[Hardware] "success"

John L. Bass jbass at dmsd.com
Sat Oct 21 03:44:08 EDT 2006


Kris Amy wrote:

>What is actually required in terms of hardware for this?
>
>I'm just browsing around on that website and unsure of what you need.
>  
>
Hi Kris,

There is a solution space for nearly every type of FPGA, ranging from 
fully unrolled solutions that run one key per clock, to tightly rolled 
bit/digit serial designs that will fit hundreds/thousands of engines 
that will require around 2,500 clocks per key, and a solution every few 
clocks. Bit/Digit serial designs can be run nearly at max clock rate for 
the FPGA, while parallel designs have deeper combinatorials and more 
routing delays and will need to have the clock rate tuned to the designs 
internal latencies.

Thermally, and power wise, the bit/digit serial designs are superior as 
they suffer much less from excess logic transitions in multilevel 
combinatorial parallel solutions. You can also fully pack nearly any 
device, where large parallel solutions will have large unused areas, 
unless you also pack them with rolled or bit/digit serial engines too.

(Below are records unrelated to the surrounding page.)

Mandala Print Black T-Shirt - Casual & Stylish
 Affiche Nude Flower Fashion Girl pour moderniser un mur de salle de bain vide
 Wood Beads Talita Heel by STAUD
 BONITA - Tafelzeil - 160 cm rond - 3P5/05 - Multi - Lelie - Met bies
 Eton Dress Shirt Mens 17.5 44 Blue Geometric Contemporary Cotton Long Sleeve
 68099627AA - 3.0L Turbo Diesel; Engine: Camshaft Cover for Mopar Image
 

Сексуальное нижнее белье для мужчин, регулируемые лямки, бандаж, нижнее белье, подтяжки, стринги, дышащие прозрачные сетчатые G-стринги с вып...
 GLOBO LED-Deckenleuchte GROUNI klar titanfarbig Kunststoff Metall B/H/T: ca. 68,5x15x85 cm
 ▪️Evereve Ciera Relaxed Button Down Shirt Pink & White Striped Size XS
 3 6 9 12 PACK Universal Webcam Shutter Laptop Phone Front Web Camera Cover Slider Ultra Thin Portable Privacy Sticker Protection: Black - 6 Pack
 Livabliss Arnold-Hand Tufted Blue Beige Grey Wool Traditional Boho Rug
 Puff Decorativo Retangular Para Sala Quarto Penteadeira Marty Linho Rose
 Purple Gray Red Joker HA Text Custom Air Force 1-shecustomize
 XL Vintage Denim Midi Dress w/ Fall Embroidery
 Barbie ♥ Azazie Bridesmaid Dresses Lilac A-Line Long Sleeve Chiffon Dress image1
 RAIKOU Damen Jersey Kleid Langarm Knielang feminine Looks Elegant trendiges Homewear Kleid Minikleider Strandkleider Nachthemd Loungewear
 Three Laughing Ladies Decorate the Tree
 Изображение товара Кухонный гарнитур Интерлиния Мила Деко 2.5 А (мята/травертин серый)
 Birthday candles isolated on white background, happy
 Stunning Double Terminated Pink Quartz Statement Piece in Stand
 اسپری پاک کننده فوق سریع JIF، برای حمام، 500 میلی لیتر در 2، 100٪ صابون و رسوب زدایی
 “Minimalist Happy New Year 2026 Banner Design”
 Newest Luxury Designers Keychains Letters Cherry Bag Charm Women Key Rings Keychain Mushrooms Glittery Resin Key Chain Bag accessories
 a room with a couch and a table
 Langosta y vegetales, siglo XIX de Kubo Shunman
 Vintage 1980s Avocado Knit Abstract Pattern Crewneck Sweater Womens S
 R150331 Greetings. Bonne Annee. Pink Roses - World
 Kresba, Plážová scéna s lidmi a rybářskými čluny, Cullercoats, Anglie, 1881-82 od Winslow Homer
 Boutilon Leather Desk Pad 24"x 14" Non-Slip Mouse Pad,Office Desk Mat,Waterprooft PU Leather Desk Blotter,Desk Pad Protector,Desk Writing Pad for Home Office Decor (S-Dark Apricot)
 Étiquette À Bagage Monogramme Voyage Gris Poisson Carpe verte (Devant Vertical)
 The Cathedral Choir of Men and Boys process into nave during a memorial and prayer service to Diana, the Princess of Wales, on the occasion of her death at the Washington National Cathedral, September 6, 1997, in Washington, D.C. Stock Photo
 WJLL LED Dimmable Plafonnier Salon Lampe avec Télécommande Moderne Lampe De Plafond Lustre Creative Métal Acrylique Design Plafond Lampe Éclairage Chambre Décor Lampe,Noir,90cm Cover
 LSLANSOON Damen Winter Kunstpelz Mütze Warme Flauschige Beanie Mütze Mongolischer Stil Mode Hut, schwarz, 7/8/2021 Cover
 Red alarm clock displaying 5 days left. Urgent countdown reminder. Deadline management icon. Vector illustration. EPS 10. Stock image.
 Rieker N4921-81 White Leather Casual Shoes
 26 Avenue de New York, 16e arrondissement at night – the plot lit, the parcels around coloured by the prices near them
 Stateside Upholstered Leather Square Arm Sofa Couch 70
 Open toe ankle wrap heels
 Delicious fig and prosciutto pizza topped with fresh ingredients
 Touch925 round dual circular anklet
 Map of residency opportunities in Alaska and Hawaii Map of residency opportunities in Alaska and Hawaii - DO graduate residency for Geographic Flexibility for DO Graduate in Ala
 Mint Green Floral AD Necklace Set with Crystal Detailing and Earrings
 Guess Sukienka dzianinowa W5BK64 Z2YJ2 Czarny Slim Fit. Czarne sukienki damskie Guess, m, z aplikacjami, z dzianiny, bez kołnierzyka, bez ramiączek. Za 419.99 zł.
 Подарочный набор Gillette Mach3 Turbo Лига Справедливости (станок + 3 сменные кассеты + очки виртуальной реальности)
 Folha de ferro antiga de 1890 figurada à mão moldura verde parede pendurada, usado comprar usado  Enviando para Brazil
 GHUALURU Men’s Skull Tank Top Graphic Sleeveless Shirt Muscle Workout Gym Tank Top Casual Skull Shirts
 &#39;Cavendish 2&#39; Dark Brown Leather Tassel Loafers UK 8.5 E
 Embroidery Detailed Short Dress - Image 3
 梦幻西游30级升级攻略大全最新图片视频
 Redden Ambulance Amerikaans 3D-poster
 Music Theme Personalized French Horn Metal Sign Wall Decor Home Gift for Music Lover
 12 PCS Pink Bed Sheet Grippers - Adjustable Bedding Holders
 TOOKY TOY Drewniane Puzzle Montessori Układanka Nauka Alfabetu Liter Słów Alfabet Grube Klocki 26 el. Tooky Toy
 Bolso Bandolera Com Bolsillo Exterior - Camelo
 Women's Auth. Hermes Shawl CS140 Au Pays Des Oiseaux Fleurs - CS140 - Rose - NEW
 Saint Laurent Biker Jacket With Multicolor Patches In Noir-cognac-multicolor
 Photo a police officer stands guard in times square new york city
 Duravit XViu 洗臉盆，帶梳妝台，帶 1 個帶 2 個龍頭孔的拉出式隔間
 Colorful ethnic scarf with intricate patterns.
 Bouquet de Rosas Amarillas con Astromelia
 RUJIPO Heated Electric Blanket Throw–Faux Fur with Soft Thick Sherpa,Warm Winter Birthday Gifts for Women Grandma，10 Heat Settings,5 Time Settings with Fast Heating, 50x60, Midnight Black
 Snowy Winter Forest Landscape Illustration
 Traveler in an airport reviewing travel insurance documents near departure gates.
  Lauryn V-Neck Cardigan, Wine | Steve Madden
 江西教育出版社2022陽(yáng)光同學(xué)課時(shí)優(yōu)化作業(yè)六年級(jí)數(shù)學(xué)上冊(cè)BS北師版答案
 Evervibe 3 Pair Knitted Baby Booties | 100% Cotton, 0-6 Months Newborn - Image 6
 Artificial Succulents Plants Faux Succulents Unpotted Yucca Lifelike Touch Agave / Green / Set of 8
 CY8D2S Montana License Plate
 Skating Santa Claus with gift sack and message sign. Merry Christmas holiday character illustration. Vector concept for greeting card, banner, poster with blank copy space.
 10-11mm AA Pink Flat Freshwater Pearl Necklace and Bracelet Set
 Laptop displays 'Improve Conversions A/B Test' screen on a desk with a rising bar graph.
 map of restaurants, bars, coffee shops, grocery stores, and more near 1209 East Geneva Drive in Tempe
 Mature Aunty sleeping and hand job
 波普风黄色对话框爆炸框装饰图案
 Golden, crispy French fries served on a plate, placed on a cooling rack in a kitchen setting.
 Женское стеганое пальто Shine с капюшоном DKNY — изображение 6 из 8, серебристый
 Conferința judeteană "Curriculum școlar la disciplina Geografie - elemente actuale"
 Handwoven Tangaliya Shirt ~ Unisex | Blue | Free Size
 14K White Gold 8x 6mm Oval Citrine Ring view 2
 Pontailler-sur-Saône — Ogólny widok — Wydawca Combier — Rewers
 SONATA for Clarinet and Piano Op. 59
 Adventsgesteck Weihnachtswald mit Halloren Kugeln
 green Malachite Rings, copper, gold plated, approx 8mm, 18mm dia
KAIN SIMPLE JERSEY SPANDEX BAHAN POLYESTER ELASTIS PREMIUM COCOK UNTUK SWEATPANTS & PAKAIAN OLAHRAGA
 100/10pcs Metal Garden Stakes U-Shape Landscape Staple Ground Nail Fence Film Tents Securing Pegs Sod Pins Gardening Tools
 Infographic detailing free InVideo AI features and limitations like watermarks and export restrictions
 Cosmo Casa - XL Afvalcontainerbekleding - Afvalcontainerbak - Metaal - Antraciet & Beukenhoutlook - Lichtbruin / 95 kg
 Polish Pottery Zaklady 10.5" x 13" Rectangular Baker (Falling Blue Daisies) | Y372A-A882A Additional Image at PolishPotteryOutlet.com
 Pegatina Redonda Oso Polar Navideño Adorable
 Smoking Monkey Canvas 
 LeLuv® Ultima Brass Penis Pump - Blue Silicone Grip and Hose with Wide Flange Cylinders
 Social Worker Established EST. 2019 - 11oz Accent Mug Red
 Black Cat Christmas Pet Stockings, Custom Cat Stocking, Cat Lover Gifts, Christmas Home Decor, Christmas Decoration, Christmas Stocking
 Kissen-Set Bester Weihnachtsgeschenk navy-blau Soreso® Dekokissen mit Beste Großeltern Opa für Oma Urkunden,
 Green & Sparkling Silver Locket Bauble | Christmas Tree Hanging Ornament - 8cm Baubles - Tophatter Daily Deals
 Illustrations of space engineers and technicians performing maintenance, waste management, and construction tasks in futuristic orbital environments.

In every case, these design will have a VERY high utilization, with 
toggle rates over short periods of time that are near 100% for serial 
designs (worst case) and between 25-50% for parallel designs. This 
consumes a lot of power (more than most student boards can provide), and 
heat that generally requires extreme measures to cool, like using high 
end overclockers solutions (water cooling) for the largest devices. Some 
devices, like older  large Virtex, Virtex-E, and Virtex-2 products are 
unstable even with extreme engineering solutions for the power and heat. 
Current Virtex-4 and Virtex-5 devices in BGA packages are better, and 
might actually be stable with extreme engineering for power and cooling.

In short, this is very feasible, fast, and may require some REAL worst 
case engineering for larger FPGAs, and some smaller ones. Current FPGA 
vendors do not spec the worst case numbers, so some careful 
application/design specific in system measuring and derating will have 
to occur for FPGA key cracking systems to be stable and error free. On 
DIE termals will certainly have to be monitored, with external over temp 
measures implemented to keep from reducing an expensive FPGA to burn out 
trash (I've created a few  termally failed Virtex FPGAs already).

I haven't done the math for a couple years, but with the largest 
Virtex-5 devices, and a design optimized for 5-LUTs and 6-LUTs with 
agressive fiting to use support logic (muxes, expander and carry logic) 
in a digit serial configuration, should yeild an aggregate performance 
such that a hundred or two of these large FPGAs are as fast as all the 
member processors in DNet. Maybe less FPGAs. The easiest way to do 
bit/digit serial designs is as a schematic macro (core), that is then 
hand/script tiled with LOCs and wired to common support logic with a 
script generated HDL high level design. This is necessary to avoid 
routing delays, and routing congestion, and should produce a max clock 
rate design (inside your power/cooling limits) that is nearly 100% 
utilized. Anticipate that you will have some stability problems with 
power/thermal doing this ... possibly fatal ones, and you may have to 
derate the device to protect it from failure, or get stable operation.